3 HGMAP recommendation framework: model and methodology

We now proceed with details of our model HGMAP for POI recommendation. First we define some basic terminology used throughout this paper and formally introduce the POI recommendation problem. Subsequently, we discuss the basic aspects of HGMAP, which consists of four components: two graph convolutional networks, a multi-head attentive encoder and a prediction module (cf. Figure 1). Specifically, we utilize GCNlocation to learn POIs’ location representation from a POI location network constructed based on POI geographic coordinates. In order to get users’ social representation and incorporate social influence and check-in similarity information, GCNsocial is employed on user social network and user-POI interactions. Then we implement a multi-head attentive encoder to learn users’ preference representation and a preference score for every check-in from user-POI interactions. Users’ social representation and users’ preference representation are combined to learn SIP (Social Influence on user Preference) ratings on POIs. Meanwhile, we utilize POIs’ location representation with the preference score to learn GIP (Geographical Influence on user Preference) ratings. Finally, we make predictions based on the learned SIP ratings and GIP ratings. In this section, we also present three loss functions regarding how to optimize the proposed model HGMAP.

Fig. 1
figure 1

Overview of our proposed HGMAP model

3.1 Preliminaries

Definition 1

POI recommendation: Let \(\mathcal {U}=\{u_1,\cdots ,u_m\}\) denote a set of users, \(\mathcal {P}=\{p_1,\cdots ,p_n\}\) be a set of POIs and \(\mathcal {D}=\{d_1,\cdots ,d_n\}\) be a set of corresponding geographical coordinates (latitude and longitude) of POIs. Let ci = [c1,⋯ ,cn] be the POIs that user ui checked in. Given historical check-in information for all m users \(\mathcal {C}=\{\mathbf {c}_1,\cdots ,\mathbf {c}_m\}\), POI recommendation is to recommend a list of POIs for each user that the user might be interested in but never visited.

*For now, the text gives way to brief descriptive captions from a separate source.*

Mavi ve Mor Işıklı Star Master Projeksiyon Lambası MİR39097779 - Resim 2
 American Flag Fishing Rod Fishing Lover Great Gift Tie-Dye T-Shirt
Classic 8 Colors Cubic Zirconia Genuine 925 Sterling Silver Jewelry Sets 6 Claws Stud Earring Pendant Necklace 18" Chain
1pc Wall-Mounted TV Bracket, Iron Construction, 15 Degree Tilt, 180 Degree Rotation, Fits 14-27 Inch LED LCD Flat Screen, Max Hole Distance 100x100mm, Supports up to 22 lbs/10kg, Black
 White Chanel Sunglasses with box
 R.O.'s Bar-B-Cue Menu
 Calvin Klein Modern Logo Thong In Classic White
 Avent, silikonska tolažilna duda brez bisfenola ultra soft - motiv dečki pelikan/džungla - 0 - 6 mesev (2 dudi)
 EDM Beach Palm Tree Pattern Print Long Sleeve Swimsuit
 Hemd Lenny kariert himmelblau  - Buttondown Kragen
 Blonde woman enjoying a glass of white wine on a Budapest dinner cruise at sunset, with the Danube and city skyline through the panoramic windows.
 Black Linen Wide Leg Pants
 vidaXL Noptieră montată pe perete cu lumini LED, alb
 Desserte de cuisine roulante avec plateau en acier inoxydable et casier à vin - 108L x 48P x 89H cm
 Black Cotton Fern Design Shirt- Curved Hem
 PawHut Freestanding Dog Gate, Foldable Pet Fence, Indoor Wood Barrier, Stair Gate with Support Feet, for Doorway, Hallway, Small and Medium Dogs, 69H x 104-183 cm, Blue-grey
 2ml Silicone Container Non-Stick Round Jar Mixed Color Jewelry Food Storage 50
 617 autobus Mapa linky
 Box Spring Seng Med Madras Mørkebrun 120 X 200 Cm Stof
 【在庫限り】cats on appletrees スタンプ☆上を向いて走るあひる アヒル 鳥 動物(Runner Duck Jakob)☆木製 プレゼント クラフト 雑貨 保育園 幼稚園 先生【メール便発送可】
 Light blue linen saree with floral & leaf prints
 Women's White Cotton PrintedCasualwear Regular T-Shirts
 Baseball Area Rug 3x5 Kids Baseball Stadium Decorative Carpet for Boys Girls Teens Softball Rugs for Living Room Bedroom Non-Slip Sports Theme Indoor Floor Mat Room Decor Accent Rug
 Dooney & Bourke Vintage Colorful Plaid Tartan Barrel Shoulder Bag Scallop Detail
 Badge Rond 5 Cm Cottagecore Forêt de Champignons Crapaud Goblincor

POI recommendation is commonly studied using an user-POI check-in frequency matrix \(\mathbf {G}\in \mathbb {R}^{m \times n}\) constructed from interaction between m users and n locations. Each element gi,jG represents the number of times that user ui has been to location pj. In this work, we make the user-POI check-in binary matrix B\(\mathbb {R}^{m \times n}\), where each element bi,j ∈{0,1} represents whether user ui has been to location pj. All notations used throughout the paper are listed in Table 1.

Table 1 List of notations

3.2 Learning POI and User Representation via Hybrid GNNs

We now describe how to leverage a variant of GNNs (i.e., GCNs) to learn POI and user representation. We have a connectivity network each for users and POIs used for capturing similarities among users and POIs, respectively. Figure 2 is toy example to show the connectivity for a POI p1 and a user u1.

Fig. 2
figure 2

A toy example showing the connectivity of POI p1 and user u1

3.2.1 Modeling POI location representation

To learn POI representation, we leverage GCNlocation to capture local and global structural information in a network, especially the geographic relations among POIs (e.g., distant or close POIs). Thus, we first construct a POI geographic location network \(\mathcal {G}=(\mathcal {P},\mathbf {A})\), where \(\mathcal {P}=\{p_{1},\cdots ,p_{n}\}\) represents a set of POIs and \(\mathbf {A} \in \mathbb {R}^{n \times n}\) is a sparse adjacency matrix and ai,j denotes the location similarity for a pair of POIs pi and pj. In this study, we choose a Gaussian Radial Basis Function (RBF) kernel to measure the location similarity ai,j ∈ [0,1] for POI pi and POI pj, as follows:

$$ a_{i,j}=\exp(-\eta \parallel d_{i}-d_{j}\parallel^{2}), $$
(1)

where di and dj are the geographic coordinates of two POIs pi and pj, and η > 0 is a hyper-parameter to control the level of geographical relevance between two given POIs. A larger value of ai,j indicates two POIs’ geo-locations are closer. For the purpose of simplicity, we set ai,j = 0 if it is less than a threshold value λ (i.e., λ = 0.125).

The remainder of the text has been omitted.